Primarily taking place in the Montana town of Green Hills (Get it? Please tell me you get it), we follow Sonic as he grows from urban legend to beloved hero. Along the way, we’re treated to numerous Easter Eggs referring to Sonic’s history, and I wonder if his nickname of “Blue Devil” by Crazy Carl is a sly reference to the underappreciated web series Sonic For Hire.
Following his history of terrible career decisions, James Marsden serves as our human contact on this journey. Sonic refers to him as “Doughnut Lord” because…comedy? I guess. He’s a small-town sheriff who dreams of proving he can make it on the rough and tumble streets of San Francisco.
Serving as his diversity hire wife is Tika Sumpter who’s most memorable scene is wearing a somewhat revealing yellow top. Other than that, it would have been less pandering if Jonah Hill was cast as Marsden’s husband.
The highlight of the film is definitely Jim Carrey’s Dr. Robotnik who brings his vintage 90s over-the-top buffoonery. It’s like he’s the only one who realizes what kind of movie he is in and treats his time on screen accordingly. I’m not saying every minute of Carrey’s Robotnik is golden, but for those who grew up on Ace Ventura and The Mask, it is a welcome return to form.
The overall story appears to have been churned out by the generic Hollywood Script-O-Matic. In fact, this movie probably began as a generic mismatched buddy/road-trip comedy #604 and was just repurposed as a Sonic movie.
Even as a road-trip movie, it fucks that up as they only have one real stop at a generic biker bar. Whoever wrote the movie must be a fan of the more recent X-Men movies as Sonic rips off Quicksilver’s slow-motion action scenes.
Like the Super Mario Brothers movie before it, the biggest flaw in Sonic The Hedgehog is there’s not much particularly to it that makes it feel like a Sonic movie. I don’t recall chaos emeralds ever being mentioned, and apart from one brief tease at the end, the only characters from Sonic’s expansive lore are Sonic and Robotnik. Sonic’s rings serve as the McGuffin of the movie, and he is given his iconic red shoes by a character we know nothing about and other than the visual memba-berry, the shoes serve no purpose.
Along the way, there are other little Easter eggs for fans who have followed the Sonic franchise. He drops an Eggman reference on Robotnik, and I want to say his racing car bed is a nod to his Mario Kart rip-off series.
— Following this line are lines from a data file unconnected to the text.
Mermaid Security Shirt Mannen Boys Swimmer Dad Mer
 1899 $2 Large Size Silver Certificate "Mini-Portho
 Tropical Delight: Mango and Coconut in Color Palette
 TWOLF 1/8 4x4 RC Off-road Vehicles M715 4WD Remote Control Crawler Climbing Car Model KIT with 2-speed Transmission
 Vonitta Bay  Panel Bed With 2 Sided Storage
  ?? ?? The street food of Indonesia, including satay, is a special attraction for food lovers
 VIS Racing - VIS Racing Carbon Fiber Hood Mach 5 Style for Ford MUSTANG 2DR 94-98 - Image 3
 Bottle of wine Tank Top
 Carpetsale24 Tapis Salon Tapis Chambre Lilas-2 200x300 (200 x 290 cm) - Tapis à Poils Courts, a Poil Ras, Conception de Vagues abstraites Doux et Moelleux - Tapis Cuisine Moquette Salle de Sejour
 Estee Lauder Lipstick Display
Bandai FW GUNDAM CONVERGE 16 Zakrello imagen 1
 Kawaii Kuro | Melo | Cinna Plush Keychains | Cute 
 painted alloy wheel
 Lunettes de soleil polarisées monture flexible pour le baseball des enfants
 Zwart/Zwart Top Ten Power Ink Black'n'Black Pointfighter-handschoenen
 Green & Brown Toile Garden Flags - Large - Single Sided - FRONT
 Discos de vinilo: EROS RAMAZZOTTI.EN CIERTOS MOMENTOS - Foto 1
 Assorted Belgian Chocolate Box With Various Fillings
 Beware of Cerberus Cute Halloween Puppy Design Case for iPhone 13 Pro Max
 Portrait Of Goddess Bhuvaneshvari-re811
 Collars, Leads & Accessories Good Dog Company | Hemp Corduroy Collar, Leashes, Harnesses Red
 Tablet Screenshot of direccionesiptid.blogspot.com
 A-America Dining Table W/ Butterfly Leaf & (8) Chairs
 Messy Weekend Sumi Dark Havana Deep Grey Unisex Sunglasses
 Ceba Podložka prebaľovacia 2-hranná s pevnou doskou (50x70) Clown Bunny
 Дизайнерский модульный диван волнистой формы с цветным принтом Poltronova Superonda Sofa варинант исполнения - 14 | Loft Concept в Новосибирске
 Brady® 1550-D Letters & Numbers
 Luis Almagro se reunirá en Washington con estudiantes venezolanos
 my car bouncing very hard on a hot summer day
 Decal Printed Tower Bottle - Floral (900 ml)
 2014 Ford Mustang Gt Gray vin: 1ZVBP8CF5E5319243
More eagle-eyed viewers might have picked up on others, but I was too busy thinking how playing one of the beloved 16-Bit Sonics, or the newly minted love letter of Sonic Mania, would be a much more worthy way to spend an hour and a half with this character.
A Solid Meh
Giving this film a grade to align with his games, I would put it in the Sonic Spinball category: a title that has enough aesthetics to give the impression of Sonic, but overall a generally hollow experience.